- ASSIGNED TASK
Return the records exactly, please. Every line should match.

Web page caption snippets
────────
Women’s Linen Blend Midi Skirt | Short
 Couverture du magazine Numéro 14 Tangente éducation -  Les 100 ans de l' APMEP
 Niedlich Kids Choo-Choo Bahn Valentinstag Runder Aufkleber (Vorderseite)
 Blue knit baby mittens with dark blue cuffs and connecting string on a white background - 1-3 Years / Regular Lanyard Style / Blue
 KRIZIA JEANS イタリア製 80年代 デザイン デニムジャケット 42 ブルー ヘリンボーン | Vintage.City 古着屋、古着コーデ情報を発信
────────
- EXPECTED OUTPUT
Women’s Linen Blend Midi Skirt | Short
 Couverture du magazine Numéro 14 Tangente éducation -  Les 100 ans de l' APMEP
 Niedlich Kids Choo-Choo Bahn Valentinstag Runder Aufkleber (Vorderseite)
 Blue knit baby mittens with dark blue cuffs and connecting string on a white background - 1-3 Years / Regular Lanyard Style / Blue
 KRIZIA JEANS イタリア製 80年代 デザイン デニムジャケット 42 ブルー ヘリンボーン | Vintage.City 古着屋、古着コーデ情報を発信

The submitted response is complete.